We are reaffirming our core earnings guidance for the year at $3.15 per share to $3.45 per share. And at this point, it looks more likely that we will be toward the higher end of our range. As we explained in the past, the summer is very important for our commodity sensitive businesses. So, we’ll reassess our earnings guidance range next quarter after the summer months are completed.
I want to highlight several developments that should be important to our investors. An important milestone in the second quarter was the California State Franchise Tax Board’s acceptance of the tax positions from last year’s global tax settlement with the IRS.
Jim Scilacci will cover this more thoroughly in his remarks, but earnings, cash and equity are positively affected by this development which helps us more comfortably meet the capital requirements of our infrastructure investment program.
Last month, Southern California Edison installed its one millionth smart meter, a key milestone in our Edison SmartConnect program. By the end of 2012, we will have installed five million smart meters.
We spent years researching technologies, systems and devices to ensure the smart meters would provide a whole range of customer benefits before making our final investment decision.

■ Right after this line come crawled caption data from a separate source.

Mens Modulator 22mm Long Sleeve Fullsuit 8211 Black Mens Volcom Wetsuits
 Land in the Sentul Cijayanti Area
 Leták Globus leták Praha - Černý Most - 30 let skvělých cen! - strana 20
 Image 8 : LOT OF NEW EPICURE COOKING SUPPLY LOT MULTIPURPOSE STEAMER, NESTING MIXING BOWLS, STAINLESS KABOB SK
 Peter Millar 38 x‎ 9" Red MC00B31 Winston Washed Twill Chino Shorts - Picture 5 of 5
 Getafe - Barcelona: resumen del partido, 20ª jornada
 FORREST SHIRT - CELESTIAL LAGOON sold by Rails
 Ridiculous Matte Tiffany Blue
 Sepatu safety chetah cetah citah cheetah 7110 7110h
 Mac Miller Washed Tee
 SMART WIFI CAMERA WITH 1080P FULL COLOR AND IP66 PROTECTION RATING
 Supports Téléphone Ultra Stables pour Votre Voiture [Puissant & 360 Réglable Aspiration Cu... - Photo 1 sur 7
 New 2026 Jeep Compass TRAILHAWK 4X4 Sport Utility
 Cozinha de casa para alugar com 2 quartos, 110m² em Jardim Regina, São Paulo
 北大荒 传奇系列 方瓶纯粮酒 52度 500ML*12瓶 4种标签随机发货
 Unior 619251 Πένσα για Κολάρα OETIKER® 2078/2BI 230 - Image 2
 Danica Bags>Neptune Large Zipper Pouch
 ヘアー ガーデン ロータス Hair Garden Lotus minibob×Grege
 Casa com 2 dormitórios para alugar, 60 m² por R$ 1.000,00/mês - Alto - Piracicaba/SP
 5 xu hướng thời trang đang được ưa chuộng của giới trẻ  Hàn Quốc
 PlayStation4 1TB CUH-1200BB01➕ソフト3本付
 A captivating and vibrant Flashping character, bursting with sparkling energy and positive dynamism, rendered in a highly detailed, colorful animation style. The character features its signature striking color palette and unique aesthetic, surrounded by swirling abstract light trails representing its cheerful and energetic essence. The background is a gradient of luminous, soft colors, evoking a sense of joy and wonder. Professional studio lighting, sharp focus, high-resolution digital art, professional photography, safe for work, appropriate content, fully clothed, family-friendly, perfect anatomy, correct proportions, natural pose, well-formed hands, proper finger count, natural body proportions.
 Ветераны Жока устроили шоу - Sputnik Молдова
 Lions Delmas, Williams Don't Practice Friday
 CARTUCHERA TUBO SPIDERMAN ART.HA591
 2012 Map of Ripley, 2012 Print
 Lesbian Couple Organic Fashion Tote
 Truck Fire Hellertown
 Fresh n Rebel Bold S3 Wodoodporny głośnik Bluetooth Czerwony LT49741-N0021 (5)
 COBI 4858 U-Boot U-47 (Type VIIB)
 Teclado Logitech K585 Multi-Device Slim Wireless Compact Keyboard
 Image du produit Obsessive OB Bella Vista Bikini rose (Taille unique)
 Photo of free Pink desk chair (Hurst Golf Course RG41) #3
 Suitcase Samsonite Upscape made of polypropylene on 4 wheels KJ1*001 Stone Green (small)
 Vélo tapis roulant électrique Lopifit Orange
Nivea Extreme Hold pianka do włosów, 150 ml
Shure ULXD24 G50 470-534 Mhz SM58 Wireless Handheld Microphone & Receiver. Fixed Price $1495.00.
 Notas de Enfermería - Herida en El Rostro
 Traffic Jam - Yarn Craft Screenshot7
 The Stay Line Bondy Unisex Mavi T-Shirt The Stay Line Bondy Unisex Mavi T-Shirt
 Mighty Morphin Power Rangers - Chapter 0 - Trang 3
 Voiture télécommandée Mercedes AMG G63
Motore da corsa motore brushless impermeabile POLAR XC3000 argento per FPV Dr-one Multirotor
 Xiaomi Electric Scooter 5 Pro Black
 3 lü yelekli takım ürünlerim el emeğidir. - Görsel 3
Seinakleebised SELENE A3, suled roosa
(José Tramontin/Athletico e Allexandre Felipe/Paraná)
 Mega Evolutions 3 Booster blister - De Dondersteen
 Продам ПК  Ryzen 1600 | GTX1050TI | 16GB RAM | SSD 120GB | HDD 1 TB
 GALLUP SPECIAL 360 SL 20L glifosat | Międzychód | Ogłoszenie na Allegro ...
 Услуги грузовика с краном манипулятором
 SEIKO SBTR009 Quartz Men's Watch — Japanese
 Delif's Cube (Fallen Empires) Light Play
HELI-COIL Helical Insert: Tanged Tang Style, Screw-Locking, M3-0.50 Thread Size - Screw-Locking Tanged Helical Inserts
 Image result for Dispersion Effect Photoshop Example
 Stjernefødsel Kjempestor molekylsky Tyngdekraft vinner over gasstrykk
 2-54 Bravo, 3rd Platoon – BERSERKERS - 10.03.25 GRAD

We look forward to providing all of our customers the valuable features smart meters provide, enabling customers to closely monitor and manage their electricity usage. $1.6 billion program is just one component in our focused strategy to expand and renew essential distribution and transmission grids throughout the Southern California Edison service territory.
On July 19th, Southern California Edison submitted a notice of intent to file the utility’s 2012 to 2014 general rate case application. The notice is essentially a draft of the general rate case application and supporting testimony, expected to be filed in November of this year and enables the Commission staff to review the content in advance.
In the general rate case proceeding, SCE seeks authorization to collect revenues for operations and maintenance expenses as well as capital expenditures, representing approximately 40% of the total revenues it will need to serve its customers. The remaining 60% covers the cost of power plant fuel and purchased power, and is handled in other regulatory proceedings.
The GRC regulatory process will likely conclude in late 2011, with a decision by the California Public Utilities Commission that would be implemented in customer rates January 1, 2012. We have summarized the key elements of the notice of intent and the expected timeline in the appendix through our presentation.
As you know, we have been engaged in an extensive analysis of the environmental retrofit decisions before us at Edison Mission Group. The challenge has been to find a path that meets emissions compliance policies and provides enough flexibility to be commercially successful. We have been evaluating several technologies and approaches while anticipating future regulatory scenarios.